If your husband's pals make Charlie Sheen look like a choir boy, he needs some buddies who'll raise the bar, says relationship coach and minister Don Nations, of Sarasota, FL. "If more men had a friend with a solid marriage to whom they could talk, someone who could listen and offer counsel, they'd be less likely to seek a divorce," he explains. Your house of worship can fill the void: "Many offer marriage workshops and discussion groups," Nations says. Or pursue friendships with other happy couples-their dedication may inspire you both."_

( lol, @ the Charlie Sheen juxtaposition.)

It jumped at me,
Because I've experienced the deleterious effect of not choosing proper mentors early in marriage and the finally getting it right by choosing proper mentors.


----------



## chillymorn (Aug 11, 2010)

I think a lot of the blame can be put on the man who doesn't set and inforce his boundries.

with that said I also think it can get exhausting always having to enforce boundries and after awhile they just give up its not worth it to always have to be the enforcer. some women just nibble away at them until one day you wake up and realise that its just not worth it.

factor a poor undesirous sex life and you have a recipe for divorce. 

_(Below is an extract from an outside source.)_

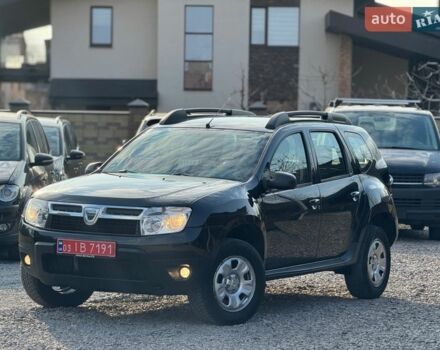 Черный Дачия Duster, объемом двигателя 1.6 л и пробегом 147 тыс. км за 9000 $, фото 1 на Automoto.ua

to top it off many time when either spouce finaly throws in the towel the other spouce starts putting effort in but for many it too little too late. the damage is done.


----------



## Davelli0331 (Apr 29, 2011)

chillymorn said:


> with that said I also think it can get exhausting always having to enforce boundries and after awhile they just give up its not worth it to always have to be the enforcer. some women just nibble away at them until one day you wake up and realise that its just not worth it.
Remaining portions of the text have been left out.